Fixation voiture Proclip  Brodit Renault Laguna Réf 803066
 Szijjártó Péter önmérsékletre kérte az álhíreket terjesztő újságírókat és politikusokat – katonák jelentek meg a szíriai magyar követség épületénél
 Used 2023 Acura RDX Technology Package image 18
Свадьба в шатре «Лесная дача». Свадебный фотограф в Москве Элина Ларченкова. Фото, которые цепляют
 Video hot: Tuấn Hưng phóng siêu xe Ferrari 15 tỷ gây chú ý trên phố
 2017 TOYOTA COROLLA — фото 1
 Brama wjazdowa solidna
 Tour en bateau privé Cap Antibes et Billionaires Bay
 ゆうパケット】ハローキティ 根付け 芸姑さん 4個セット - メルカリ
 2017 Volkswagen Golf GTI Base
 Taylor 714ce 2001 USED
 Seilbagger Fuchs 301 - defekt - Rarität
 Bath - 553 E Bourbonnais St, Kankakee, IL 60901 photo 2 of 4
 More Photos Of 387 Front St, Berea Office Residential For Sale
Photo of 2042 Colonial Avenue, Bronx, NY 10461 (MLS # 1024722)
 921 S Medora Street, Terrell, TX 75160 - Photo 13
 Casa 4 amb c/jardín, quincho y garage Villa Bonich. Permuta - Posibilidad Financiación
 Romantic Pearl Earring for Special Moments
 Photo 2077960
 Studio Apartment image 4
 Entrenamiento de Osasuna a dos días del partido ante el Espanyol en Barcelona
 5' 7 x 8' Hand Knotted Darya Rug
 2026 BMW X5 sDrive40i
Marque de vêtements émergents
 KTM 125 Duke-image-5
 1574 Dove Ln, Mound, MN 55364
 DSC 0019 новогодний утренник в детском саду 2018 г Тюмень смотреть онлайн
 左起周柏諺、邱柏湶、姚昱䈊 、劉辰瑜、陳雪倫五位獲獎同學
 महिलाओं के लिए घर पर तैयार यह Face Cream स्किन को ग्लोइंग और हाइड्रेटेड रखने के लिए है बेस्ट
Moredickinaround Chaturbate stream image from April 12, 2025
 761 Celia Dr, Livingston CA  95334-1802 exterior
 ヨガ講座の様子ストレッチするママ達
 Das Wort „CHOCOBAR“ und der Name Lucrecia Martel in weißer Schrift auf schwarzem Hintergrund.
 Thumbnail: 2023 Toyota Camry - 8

-------

• Work request: Check each line of the data for "image". Copy the lines where it turns up.

• Exercise output:
 Used 2023 Acura RDX Technology Package image 18
 Studio Apartment image 4
 KTM 125 Duke-image-5
Moredickinaround Chaturbate stream image from April 12, 2025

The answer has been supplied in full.